What this sale does have in common with its August counterparts, particularly the New York Bred Preferred Sale, is that it is a one-stop-shop market for owners and trainers eager to participate in the lucrative New York-bred incentives program. New York-breds are eligible to run in hundreds of well-funded races restricted to horses foaled in New York. Owners electing to race their New York-breds in open company receive up to 20 percent in purse incentives when their their horses hit the board.

"The New York-bred program has breathed life into every aspect of Thoroughbred activity in New York. The New York Racing Association has certainly seen many benefits from this in the racing program at Saratoga and at downstate meets. All across the sales spectrum, the appetite for NY-breds shows in the Saratoga yearling market and in the level of entries for the October 7 sale," says Terence Collier, Fasig-Tipton's director of marketing.

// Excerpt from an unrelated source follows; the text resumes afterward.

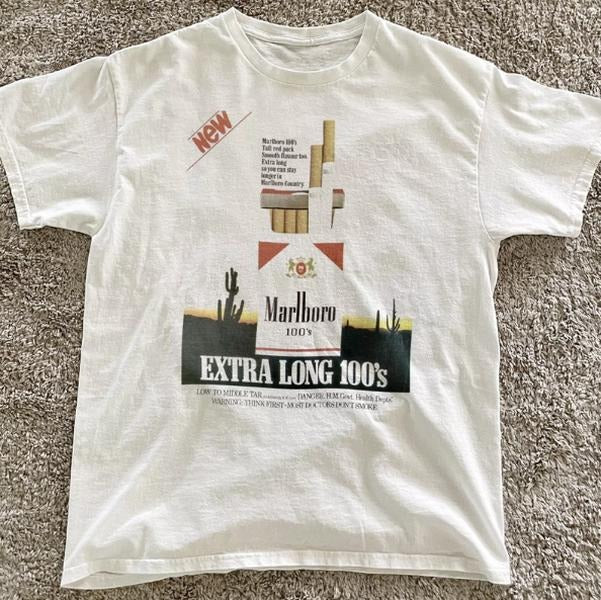 Marlboro extra long 100s tshirt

Following August's record-breaking New York Bred Preferred Sale, Fasig-Tipton re-opened nominations to the Mixed Sale because of breeders interested in selling their bloodstock while the market is strong.

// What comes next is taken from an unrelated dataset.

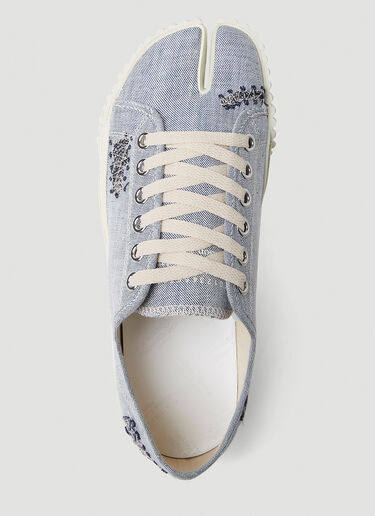 Maison Margiela Tabi Distressed Sneakers Denim mla0251020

"There has been significantly-increased interest in the Fall Mixed Sale. There have been a number of additional entries of weanlings. Because of limitations of stalls at the facility in Saratoga, we had to screen later entries, but the success of the yearling sale for New York-breds has unquestionably sparked interest in the Mixed Sale," Collier explains.

Limited supply and renewed demand is driving the vigorous market for New York-breds. When the racing industry started receiving payments in late 2011 from the video lottery terminal racino at Aqueduct Race Track, confidence in the future of New York racing spiked. The number of foals born in New York in 2013 increased 36 percent over the number born in 2012.

Strong first-crop sires Pioneer of the Nile, Dunkirk, Kodiak Cowboy and Einstein(BRZ), established sires Rockport Harbor, Majestic Warrior and Artie Schiller, and New York-based stalwarts Bluegrass Cat, Freud, Posse and Frost Giant are all represented in the weanling division of the Mixed Sale. Mares in foal to new sires Brilliant Speed, Hansen and Boys at Toscanova, and to young sires Paddy O'Prado, Tizway and ArchArchArch will be offered. For buyers wishing quicker gratification, horses of racing age fit the bill. Racing age fillies and colts by first-flight sires Medaglia d'Oro, Street Cry, Bernardini and Elusive Quality will be sold. The fillies in this blue-blooded group are also considered broodmare prospects.

In a letter on the New York Breeders' Fund website, executive director Tracy Egan details the chain of awards for winning an open-company race with a New York-bred:

"King Kreesa's victory in the Grade III Poker Stakes at Belmont Park on the 4th of July (2013) earned him $90,000 in purse money. The breeders of King Kreesa will collect a breeder award of 30% of the first-place money ($27,000) from the NYS Thoroughbred Breeding and Development Fund. Owners Gerald and Susan Kresa will be paid a 20% open-company owner award of $18,000, and the people who stood King Kreesa's stallion, King Kugat, will be paid a 10% ($9,000) stallion award by the Fund. That's a total of $54,000 in award money that will be paid to the connections of King Kreesa for winning just one race."

(King Cugat's stud fee for 2008, the year of King Kreesa's conception, was $3,500. King Kreesa has earned $537,370 to date.)

All the horses entered in the sale are stabled on the sales grounds and are available for inspection. The sale is open to the public and starts at 11 a.m. at the Fasig-Tipton Humphrey S. Finney Pavilion on East Avenue, down from the race course in Saratoga Springs. The horses may be viewed prior to the sale and as they prepare to enter the sale in the back walking ring. The sale is also live streamed.